Surprisingly there was relatively little change in fashion, especially during the early medieval era. The pace of change quickened in the late-medieval era. We have not yet developed information on many specific garments. One distinctive medieval garment was stockings. They were called "haut de chausse" in France, a country which was very influential in fashion during the medieval era. There is a page on medieval stocking supporters. Assessing children's clothing is somewhat of a misnomer as the concept of childhood as we know it today did not exist at the time. Very young boys wore dresses. Once breeched, however, boys were clothed much like their parents. There was no specially designed children's clothing. Another important factor is that clothing was determined by social class. The peasantry for centuries wore essentially the same clothing. Fashion was a phenomenon of the upper classes. At this time we only have limited work on medieval fashion and clothing. We have addressed page boys. They can be considered as basically similar to aristocratic boys in general.
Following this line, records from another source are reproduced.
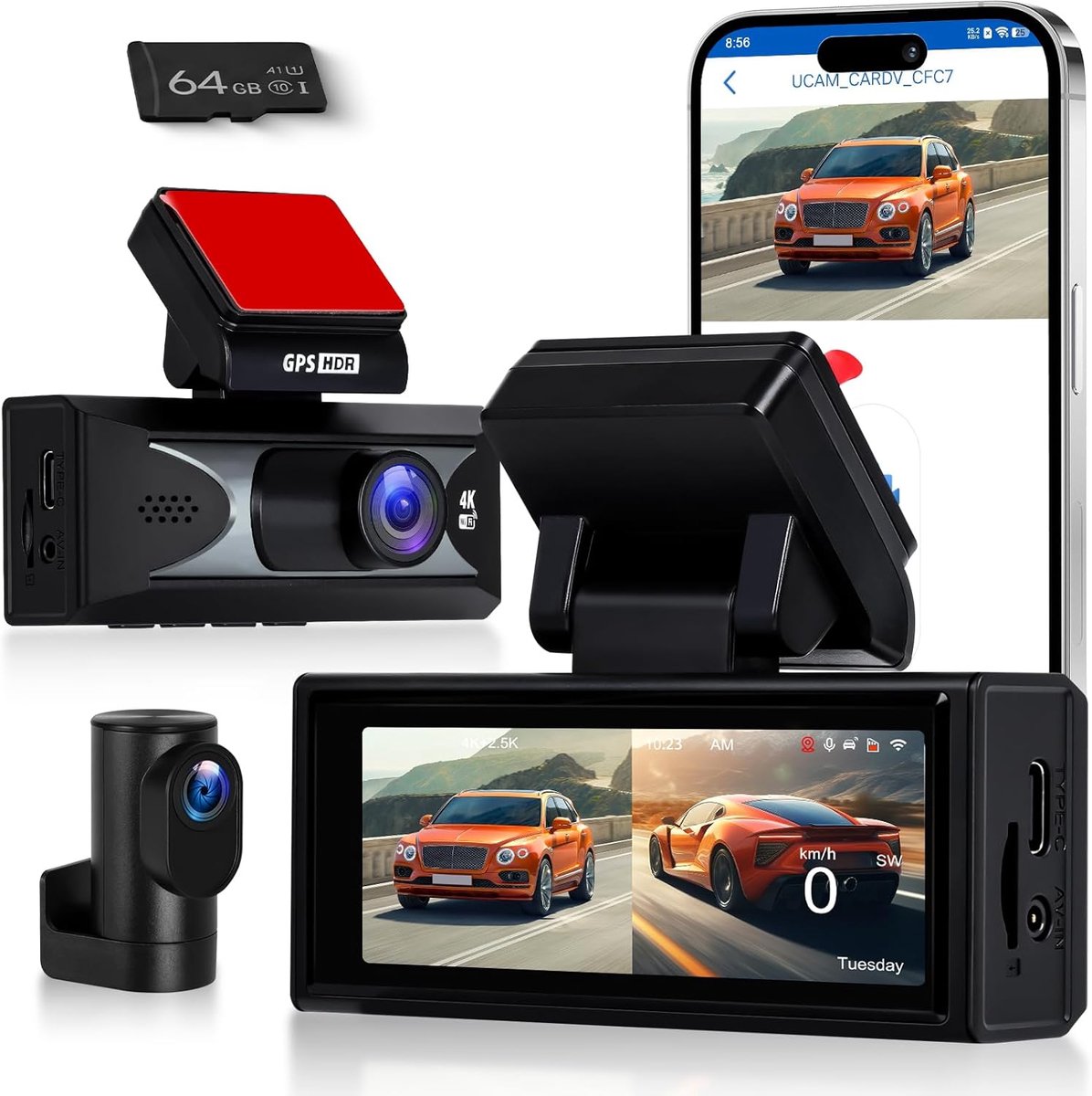 SnelShoppen - 4K Dashcam met 2.5K Achtercamera, 3.16 Inch IPS Scherm, Wi-Fi App Controle, ADAS, Nachtzicht, G-Sensor, Parkeerstand, Auto Accessoires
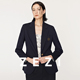 zezi美丽诺羊毛外套女春秋针织贴袋通勤西装 印度丝胸章高级感西服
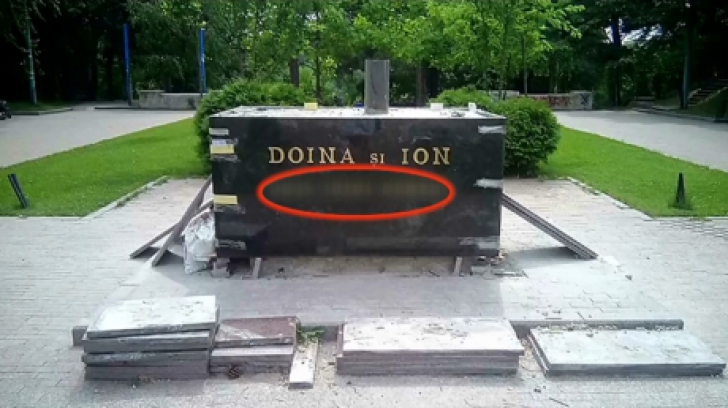 Fără precedent. Inscripție incredibilă pe soclul monumentului lui Ion şi Doina Aldea-Teodorovici
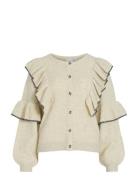 Viluka L/S Contrast Knit Cardigan/Ka Tops Knitwear Cardigans Cream Vil...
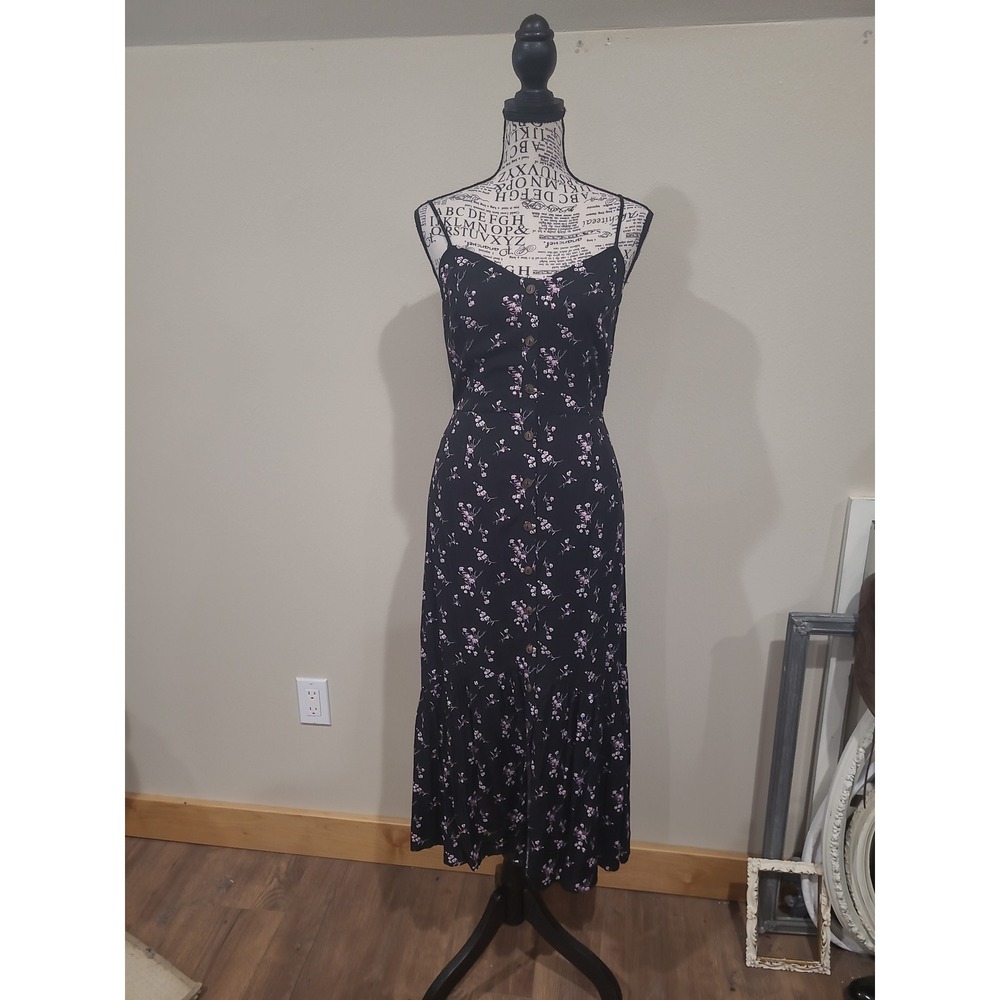 BP Cottage Core Black Floral Midi‎ Dress Women SZ XS button front coquette boho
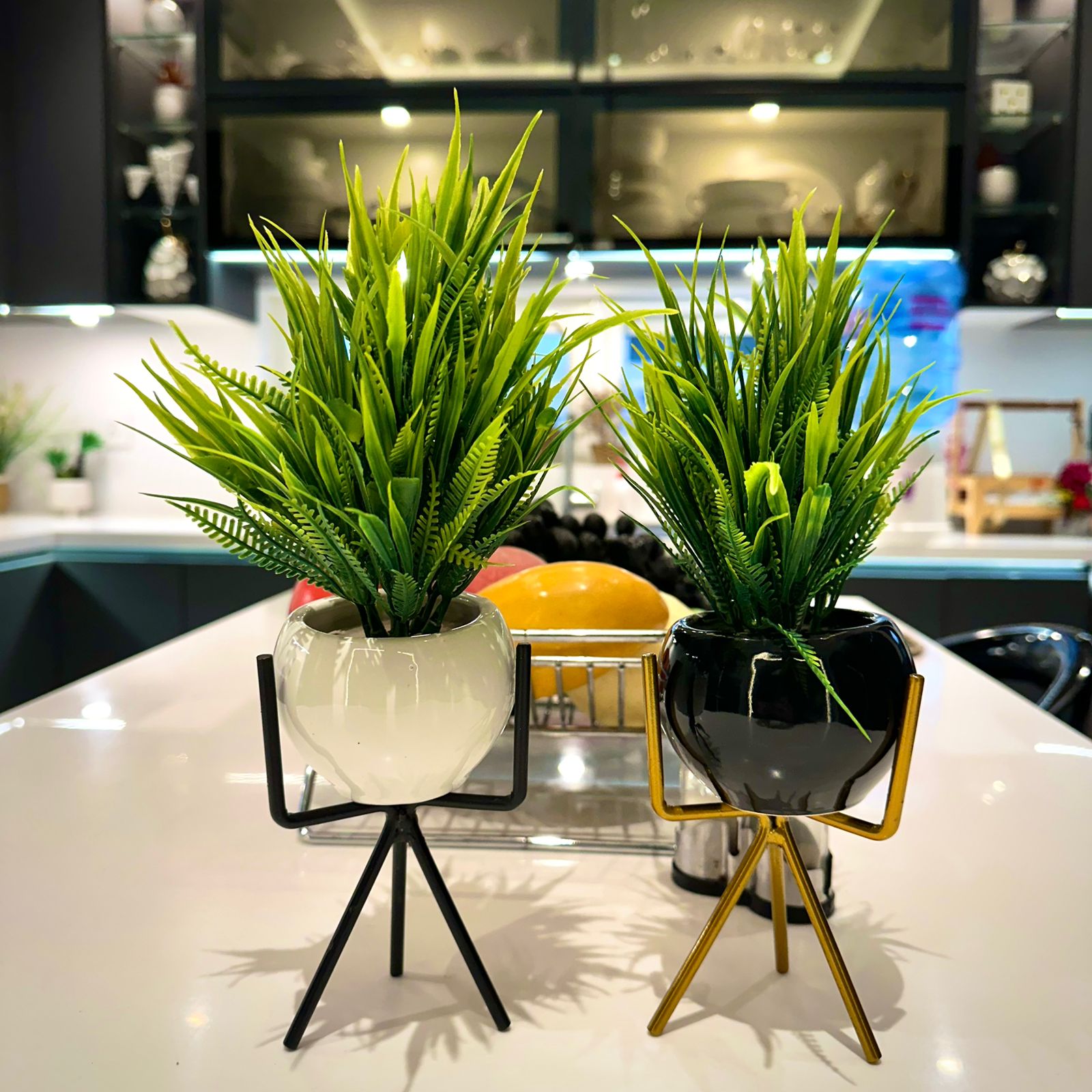 Luxury Ceramic Planters with Metal Stands  Gulf Online Market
Just as cotton was at the center of the Industrial Revolution, wool was a key commodity in the Medieval era. Wool was the principal raw material used for textiles in Medieval Europe. It was usually woven to produce cloth, but some was used to produce felt. Wool is produced by sheep. Different breeds produce wool of varying quality. Some sheep have fine silky fleece. Other sheep have a very coarse fleece. High quality cloth required a fine yarn. This required the fleece to be carded, meaning combing with a large iron comb-like tool. The other principal fabric used to produce textiles in Medieval Europe was linen. Linen was produced from flax. Yarn was required to produce textiles. Yarn was produced from raw wool or flax fibers by hand. (The spinning wheels did not appear until the late Medieval era. The raw wool or processed flax was placed on a drop spindle. A drop spindle was fashioned from wood or bone and weighted on the bottom with stone or metal. The yarn was produced by drawing the fiber out from the spindle and twisting it in the process. This was a tedious, labor intensive process, but only after the yarn was fashioned could the production of textiles begin. The next step was to dye the yarn. A variety of natural dyes were used, varying somewhat as the kinds of plants available locally. Some made the dyes themselves, but natural dyes could be purchased in village markets. Some of the common dies were: woad or indigo (blue), weld (yellow), madder(orange and red), Brazil tree (reds), alkanet (lilac), and many other roots, berries, barks and lichens. The yarn was then woven into cloth on hand looms. The woven cloth was then ironed by pressing with a whale bone (baleen) plaque, glass, or stone smoother which had been heated for the purpose. The final process was decoration by braided cords, tapestry, or embroidery. The center of the European wool trade was Flanders and the center of wool production was England.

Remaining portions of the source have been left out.